▸ MATERIAL PROVIDED
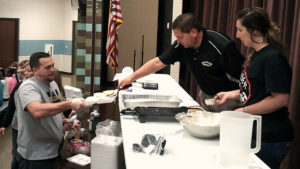 Mr. Chiaro serves pancakes to a teacher to pass out to the students.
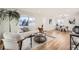 Bright and airy living room with hardwood floors, contemporary furniture, and large windows at 71 W Fremont Ave, Littleton, CO 80120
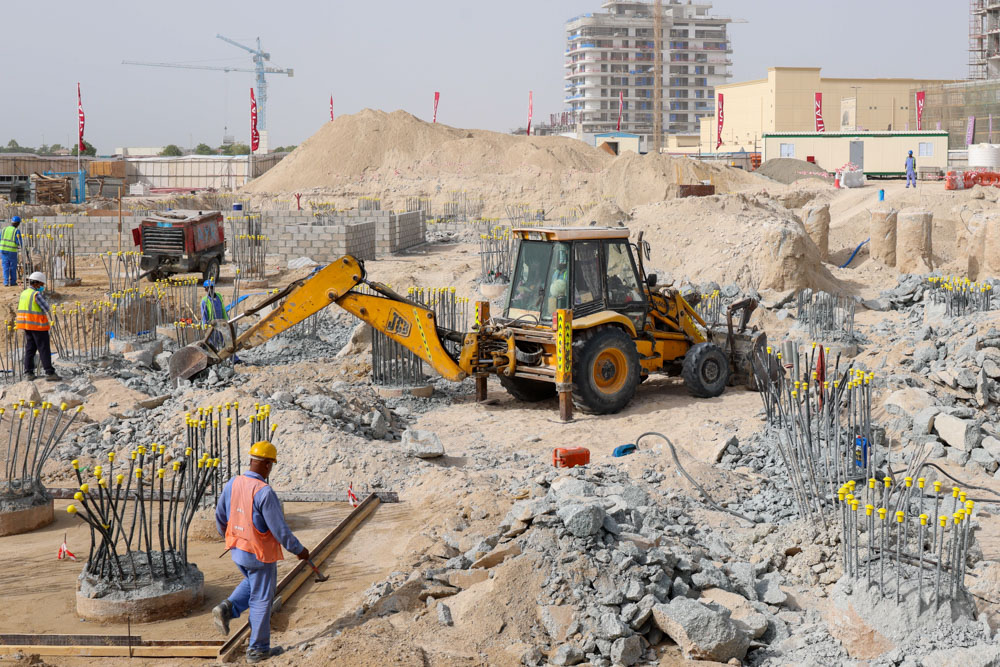 Cotier House 2 By Imtiaz Construction site with workers, machinery, and rebar foundations amidst gravel and sand. Buildings are in the background.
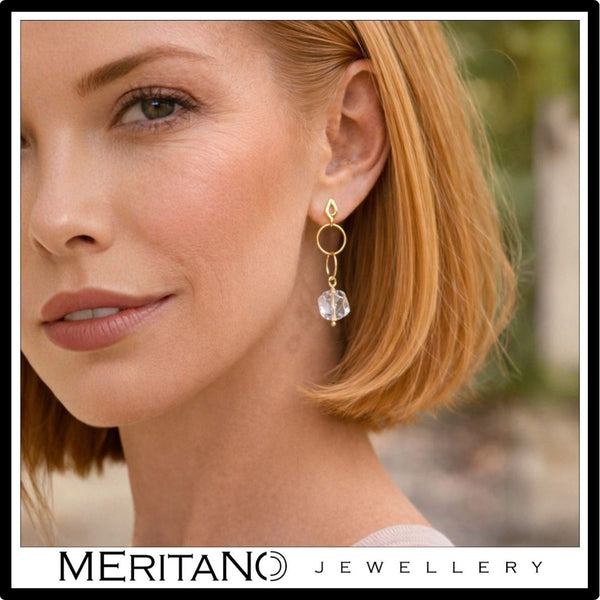 Złote kolczyki koła z kryształem górskim na uchu modelki z proporcją wielkości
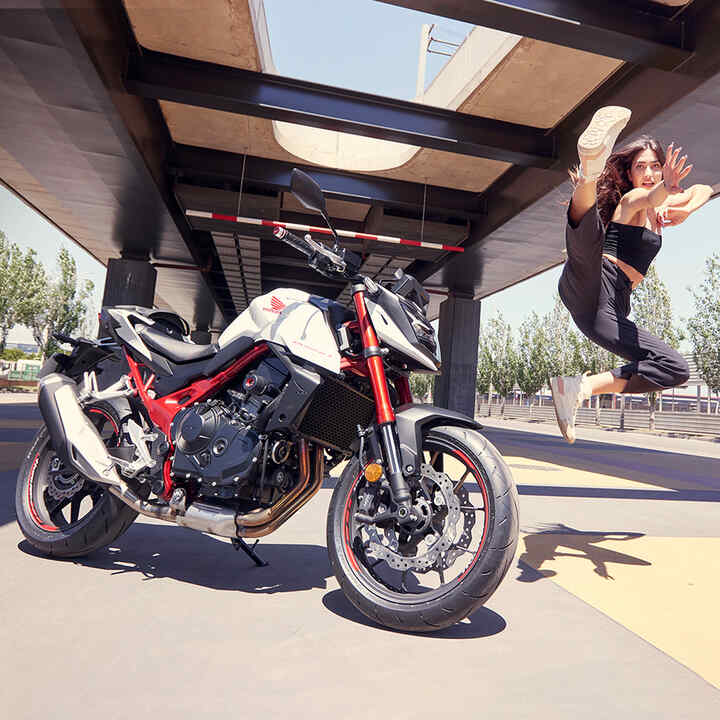 Female dancer jumping in air next to Honda CB750 Hornet.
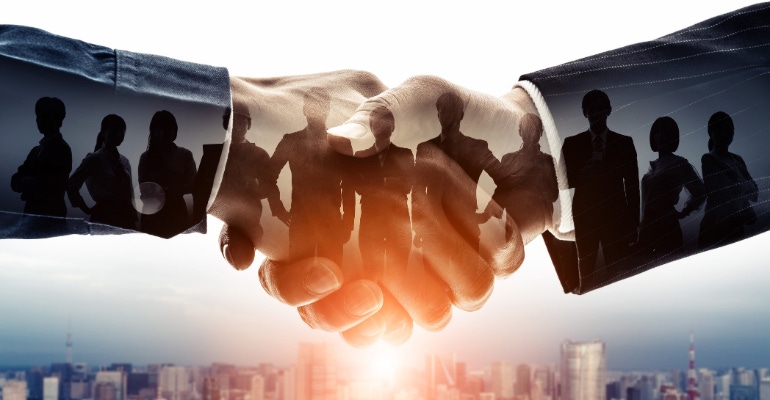 Business merger concept featuring a closeup of two business executives shaking hands with a team of employees overlaid.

▸ EXERCISE BRIEF
Pictures aside, transcribe exactly the lines from the line containing "Złote kolczyki koła" through the final line of the material above.

▸ ANSWER BOX
 Złote kolczyki koła z kryształem górskim na uchu modelki z proporcją wielkości
 Female dancer jumping in air next to Honda CB750 Hornet.
 Business merger concept featuring a closeup of two business executives shaking hands with a team of employees overlaid.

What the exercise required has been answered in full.